The U.S. fined a chipmaker $500,000 for selling $17.1 million worth of computer chips to a blacklisted Chinese company.
GlobalFoundries, based in Malta, New York, sent 74 shipments to SJ Semiconductor without seeking a license, the Commerce Department said in a Friday statement reported by Reuters.
SJ Semiconductor, based in Jiangyin, China, is an affiliate of Shanghai-based Semiconductor Manufacturing International Corp., which is partly owned by the Chinese government and has been accused by the U.S. of ties to China’s military industrial complex.
Both companies were placed on the Commerce Department’s so-called entity list in 2020, which specifies license requirements for American companies that want to do business with those on the list.
Neither company returned requests for comment Friday but have previously denied any wrongdoing, according to Reuters.

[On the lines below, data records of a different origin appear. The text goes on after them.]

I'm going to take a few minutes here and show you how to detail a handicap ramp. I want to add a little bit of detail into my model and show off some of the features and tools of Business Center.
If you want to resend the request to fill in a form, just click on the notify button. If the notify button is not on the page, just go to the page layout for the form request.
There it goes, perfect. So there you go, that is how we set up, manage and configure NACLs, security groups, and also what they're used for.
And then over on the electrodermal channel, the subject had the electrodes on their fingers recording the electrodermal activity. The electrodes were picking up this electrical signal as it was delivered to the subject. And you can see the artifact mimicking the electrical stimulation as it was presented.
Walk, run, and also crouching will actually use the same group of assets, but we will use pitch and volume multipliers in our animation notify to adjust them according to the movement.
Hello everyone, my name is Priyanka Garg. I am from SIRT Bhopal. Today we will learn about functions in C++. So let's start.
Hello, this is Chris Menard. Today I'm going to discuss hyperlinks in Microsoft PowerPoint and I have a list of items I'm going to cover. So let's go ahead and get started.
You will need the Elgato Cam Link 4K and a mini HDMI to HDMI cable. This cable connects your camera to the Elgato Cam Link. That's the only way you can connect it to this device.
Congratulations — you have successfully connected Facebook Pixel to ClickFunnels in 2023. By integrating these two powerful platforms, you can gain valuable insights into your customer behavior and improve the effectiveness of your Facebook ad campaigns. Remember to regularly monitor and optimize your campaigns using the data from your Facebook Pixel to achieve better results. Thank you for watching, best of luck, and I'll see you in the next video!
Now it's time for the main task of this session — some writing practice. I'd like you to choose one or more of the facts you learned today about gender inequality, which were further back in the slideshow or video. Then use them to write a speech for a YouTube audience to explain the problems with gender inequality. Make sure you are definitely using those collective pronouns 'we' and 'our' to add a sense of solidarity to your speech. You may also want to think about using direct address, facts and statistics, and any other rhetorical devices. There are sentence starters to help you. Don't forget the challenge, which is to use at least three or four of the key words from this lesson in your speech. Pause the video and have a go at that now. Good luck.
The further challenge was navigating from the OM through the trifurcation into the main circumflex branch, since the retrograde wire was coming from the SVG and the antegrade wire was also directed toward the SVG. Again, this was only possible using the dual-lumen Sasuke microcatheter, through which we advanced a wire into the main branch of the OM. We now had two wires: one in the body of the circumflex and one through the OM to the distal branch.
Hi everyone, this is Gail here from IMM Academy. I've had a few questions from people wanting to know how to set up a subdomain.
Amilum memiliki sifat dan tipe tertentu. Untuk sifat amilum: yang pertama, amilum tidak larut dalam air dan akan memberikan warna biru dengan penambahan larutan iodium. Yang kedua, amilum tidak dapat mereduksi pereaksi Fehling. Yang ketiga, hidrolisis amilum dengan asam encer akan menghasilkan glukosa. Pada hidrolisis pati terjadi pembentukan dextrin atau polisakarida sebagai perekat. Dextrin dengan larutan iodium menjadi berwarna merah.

GlobalFoundries, the world’s third-largest contract chipmaker, is a publicly traded company controlled by Mubadala Investment Co., a sovereign wealth fund of the government of Abu Dhabi, UAE.
In February, it signed a deal for $1.5 billion in funding under President Joe Biden’s CHIPS and Science Act to build a new manufacturing facility in Malta, expand its existing plant there and upgrade another in Burlington, Vermont.
GlobalFoundries’ stock price closed Friday at $36.63, up about 0.4%, after falling from a late-morning peak of $37.51.